Austrian election could produce EU's first far-right head of state

World Sunday 22/May/2016 16:41 PM
By: Times News Service
Austrian election could produce EU's first far-right head of state

Vienna: Austria could elect the European Union's first far-right head of state on Sunday, with support for Freedom Party candidate Norbert Hofer buoyed by a migration crisis that has heightened fears about employment and security.
Opinion polls suggest the presidential run-off between Hofer and former Greens leader Alexander van der Bellen will be close.

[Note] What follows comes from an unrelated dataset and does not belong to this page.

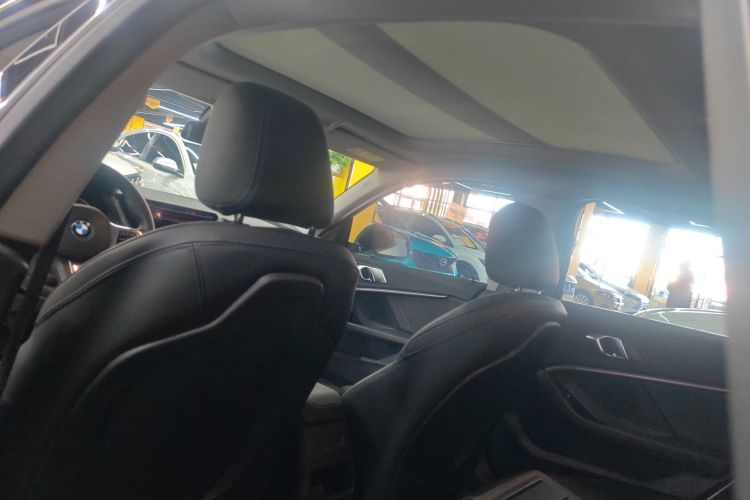 宝马2系(进口) 2023款 225i 四门轿跑车 M运动套装中控内饰22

A far-right victory would resonate across the 28-member EU, where migration driven by conflict and poverty in the Middle East and elsewhere has become a major political issue.

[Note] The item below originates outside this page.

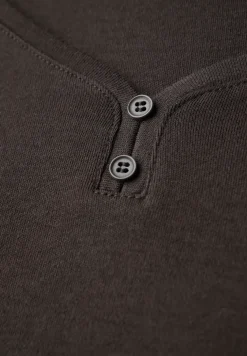 Basic shirt met knoopdetail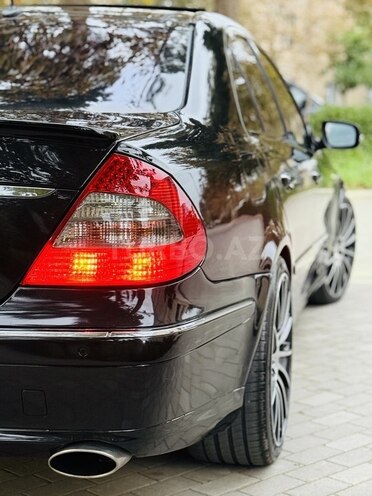 Mercedes E 300-8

Support for groups like the eurosceptic, anti-immigration Freedom Party (FPO) has been rising in various countries, whether they have taken in many migrants in the recent influx, like Germany and Sweden, or not, like France and Britain.
Most are still far from achieving majority support. The FPO has been in government before, serving as a coalition partner in the early 2000s when it was led by the late Joerg Haider.
But whoever wins the presidential election, it is likely to be a new high-water mark for Austria's and Europe's far right, all the more significant for being in a prosperous country with comparatively low, albeit rising, unemployment.
If Hofer wins, mainstream parties will also come under scrutiny for not recommending an anti-FPO vote. Many feel that would only have bolstered the FPO's argument that it is taking on Austria's deeply entrenched political establishment.
In Austria, the president traditionally plays a largely ceremonial role but swears in the chancellor and can dismiss the cabinet.
"I have to work for one or two years and then everybody will see that I am OK, I am not a dangerous person," Hofer, 45, told reporters after voting in his eastern hometown of Pinkafeld.
Hofer, deputy leader of the FPO, is known as the gentler face of the party but has only recently become a household name.
Austria took in 90,000 asylum seekers last year, more than 1 per cent of its population, many of them shortly after it and neighbouring Germany opened their borders last autumn to a wave of migrants including refugees from Syria's civil war.
The government has since clamped down on immigration and asylum, but that failed to slow rising support for the FPO, which was already capitalising on widespread frustration with Austria's two traditional parties of government.
Sunday's run-off election comes four weeks after Hofer, 45, won the first round with 35 per cent of the vote. Opinion polls had suggested his support was much lower, though they regularly show his party ahead of its rivals on more than 30 per cent.
Van der Bellen, 72, who scored 21 per cent in the first round, said after voting in Vienna that he was "cautiously optimistic".
A projection will be published when the last polling stations close at 5pm (1500 GMT), and the result is due to be announced after 7pm. A high number of postal ballots has raised the prospect of the result being unclear until Monday.
Tabloid reports of immigrants availing themselves of Austria's generous benefits and of crimes in which immigrants have been suspects, have played into the FPO's hands.
A Gallup poll for the Oesterreich newspaper last weekend found Hofer ahead by a 53-47 margin based on 600 people surveyed. But it was a dead heat among those who said they were certain to vote, a key factor after nearly a third of eligible voters failed to cast ballots in the first round.
Bookmakers, however, gave Hofer as favourite. Betting website bwin.com, for example, gave odds of 1.45-to-one for Hofer and 2.55-to-one for van der Bellen.